**To do:** Search the entries below for "Butelka sportowa 750 ml (VB294-05)-1". Give that line and all the lines after it again, exactly, through the last, without pictures.

(Short descriptive text snippets)
++++++++

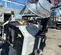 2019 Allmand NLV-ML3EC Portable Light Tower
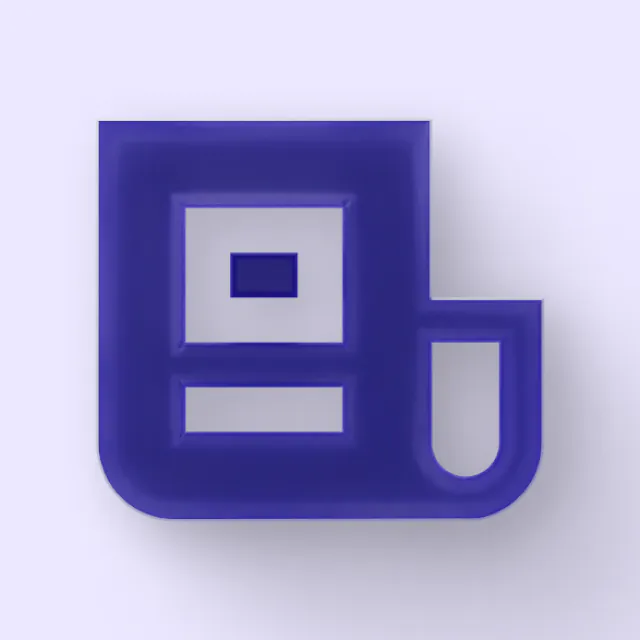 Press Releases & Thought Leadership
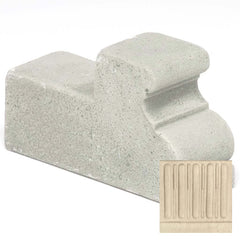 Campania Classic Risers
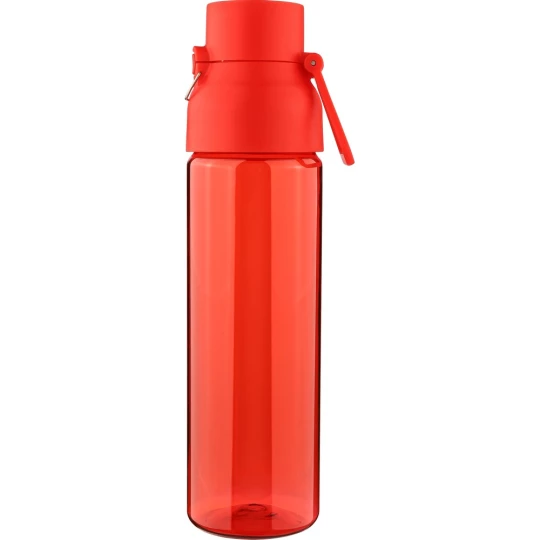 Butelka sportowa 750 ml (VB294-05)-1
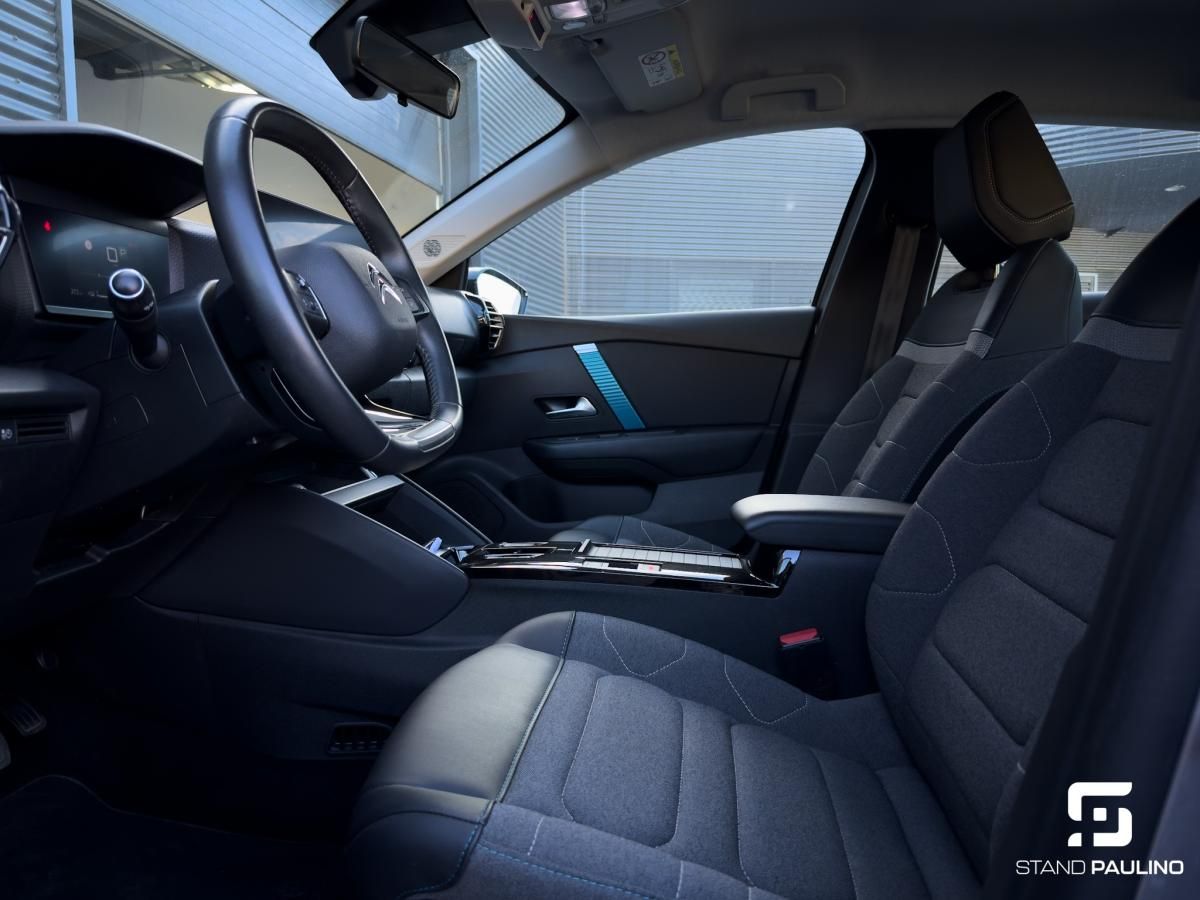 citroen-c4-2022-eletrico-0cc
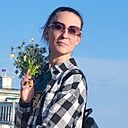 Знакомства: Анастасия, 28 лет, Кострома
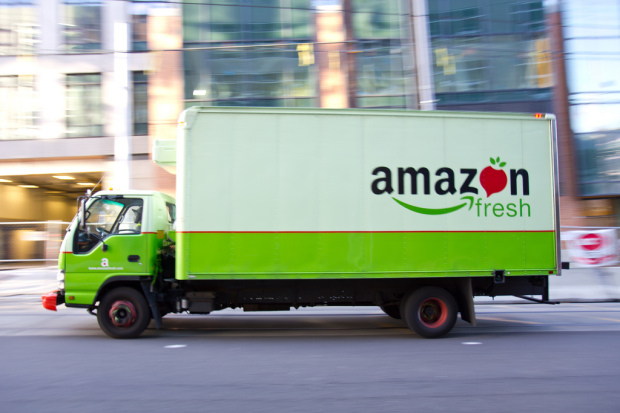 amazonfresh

++++++++

**Your response:**
 Butelka sportowa 750 ml (VB294-05)-1
 citroen-c4-2022-eletrico-0cc
 Знакомства: Анастасия, 28 лет, Кострома
 amazonfresh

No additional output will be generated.